Operators

Airflow Operators in Orion

Every operator fetches data from a PostgreSQL database, AWS S3 or an API, applies a set of transformations and stores them in a PostgreSQL database or AWS S3. We list Orion's operators below:

AffiliationTypeOperator

Splits the affiliations to industry (= 0) and non-industry (= 1) using a seed list of tokens. The seed list can be found in the model_config.yaml.

Source: PostgreSQL
Target: PostgreSQL

RCAOperator

Measures the country-level and affiliation-level thematic topic specialisation on an annual basis using the Revealed Comparative Advantage (RCA). It creates this indicator by summing the number of citations of a country (or affiliation) on a particular topic. An entity with an RCA > 1 is more specialised on a topic than the rest of the entities. Before measuring RCA, it filters publications by year and the countries by their number of papers. You can change the thresholds in the model_config.yaml.
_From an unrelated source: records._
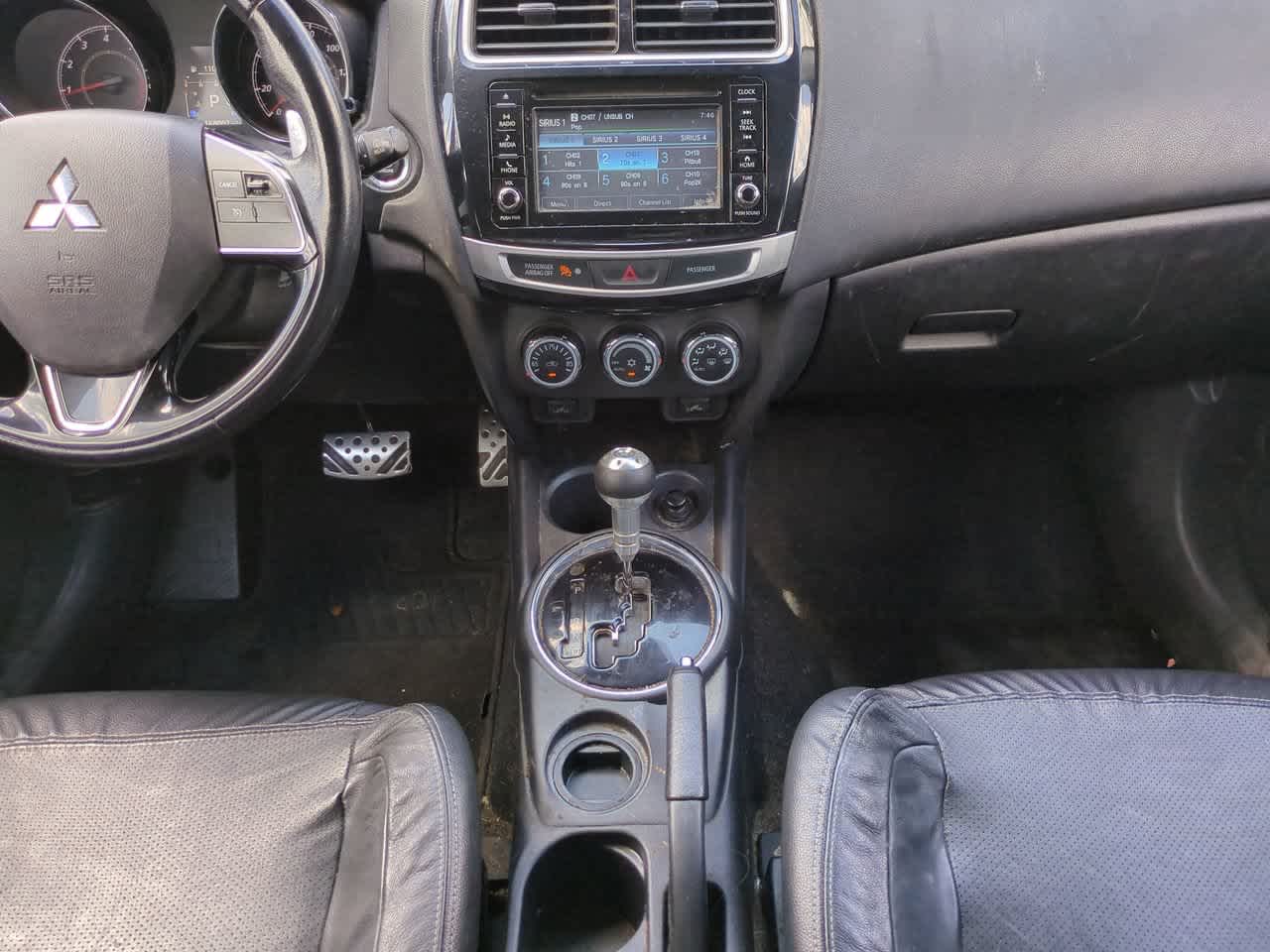 Thumbnail: 2016 Mitsubishi Outlander Sport - 18
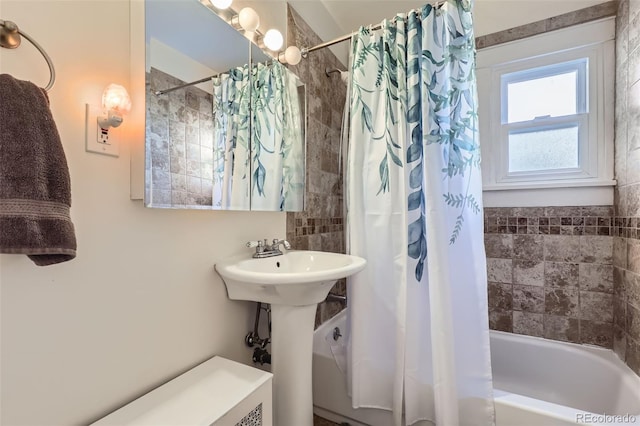 bathroom with shower / tub combo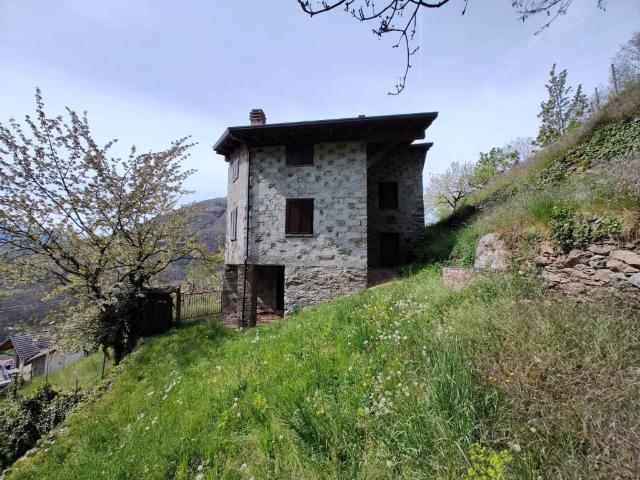 Rustico in vendita a Comunità montana della valle Camonica, Berzo Demo
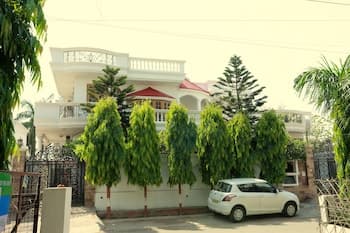 OYO 5634 IVY Stays - Manoj Pandey Chowk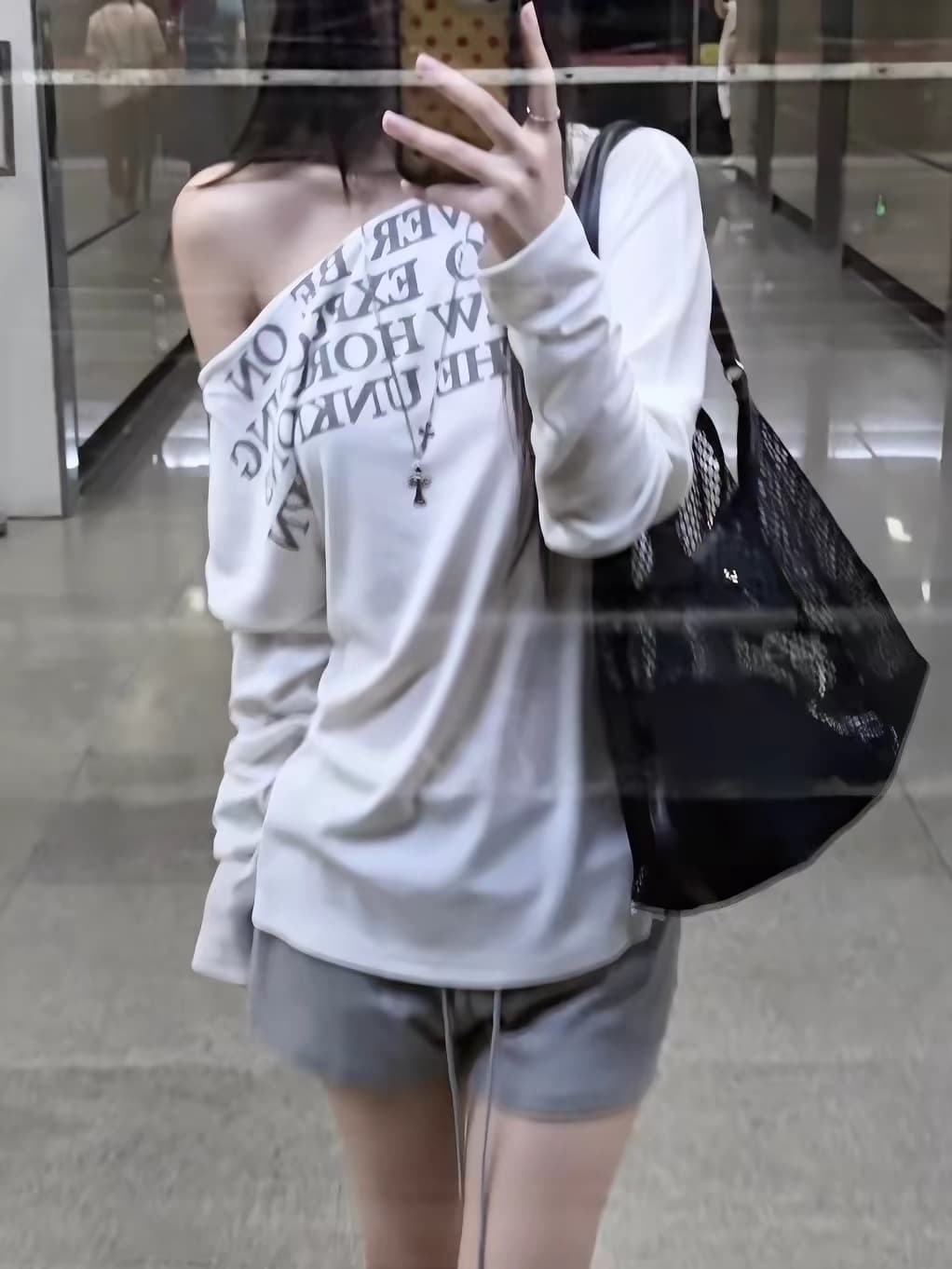 광저우 원단 눈꽃 면 65 면 35 폴리에스터 165 그램 알파벳 프린트 비스듬한 어깨 블라우스 여성 상세 이미지 6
Note that instead of summing citations to measure the RCA, you can use the number of papers.

Source: PostgreSQL
Target: PostgreSQL

ResearchDiversityOperator

Measures the country-level research diversity for each topic on an annual basis. For each topic, it recursively collects its children topics and creates a country-level count vector. It measures diversity with the Shannon-Wiener and Simpson indexes. You can filter countries by the number of Fields of Study they have used and the papers by their publication year. You can modify the thresholds in the model_config.yaml.

Source: PostgreSQL
Target: PostgreSQL

GenderDiversityOperator

Measures the country-level gender diversity for each topic on an annual basis. For each topic and year, it first finds the share of women in each publication and then averages it to create the indicator. You can filter countries by their number of publications and author names by the accuracy of the name-gender-inference service. You can modify the thresholds in the model_config.yaml.

Source: PostgreSQL
Target: PostgreSQL

WBIndicatorOperator

Collects country-level World Bank indicators using pandas-datareader, a Python package that gives access to economic databases. You can choose indicators and filter them by timeframe and country in the model_config.yaml.
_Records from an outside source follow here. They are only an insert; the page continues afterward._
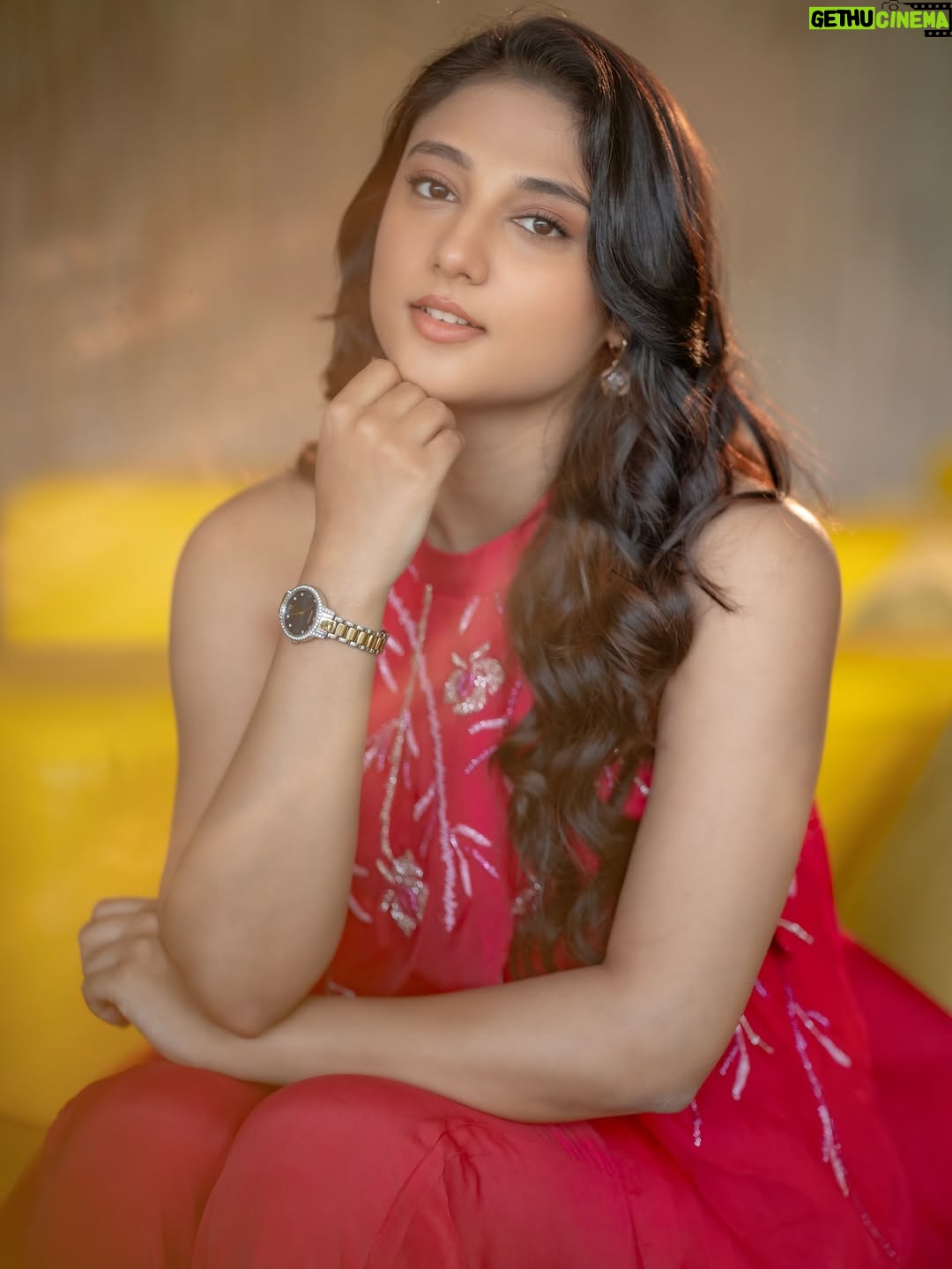 Ritika Nayak - 320.2K Likes - 🩷💘🎀🌸🍬💗
.
Shot by - @pramodcaptures
Outfit:- @prashantikumarlabel
Jewellery:- @sholdsherni
Styling:- @shefalideora_
Style team :- @mohammed.faizaa
Hair by @siddhumakeovers
Makeup @praveenmakeupartist1683
@purplethoughtsind @hetvii_shahhh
If you plan to collect indicators that are not listed here, you have to create an ORM for them.

Source: World Bank API
Target: PostgreSQL

HomogeniseCountryNamesOperator

Homogenises country names from Google Places API and the World Bank. It uses a country mapping dictionary from model_config.yaml.

Source: PostgreSQL
Target: PostgreSQL

CountryDetailsOperator

Fetches additional country details such as continent, country code and population from the restcountries API.

Source: PostgreSQL, restcountries API
Target: PostgreSQL

CreateVizTables

Creates the following tables that are used in the front-end:

  • CountryTopicOutput: Shows a country's total citations and paper volume by year and topic.
  • AllMetrics: Combines all the metrics (gender diversity, research diversity, RCA) we've derived by year and topic.
  • PaperCountry: Shows the paper IDs of a country. Used in the particle visualisation.
  • PaperTopics: Shows the paper IDs of a topic. Used in the particle visualisation.
  • PaperYear: Shows the paper IDs of a year. Used in the particle visualisation.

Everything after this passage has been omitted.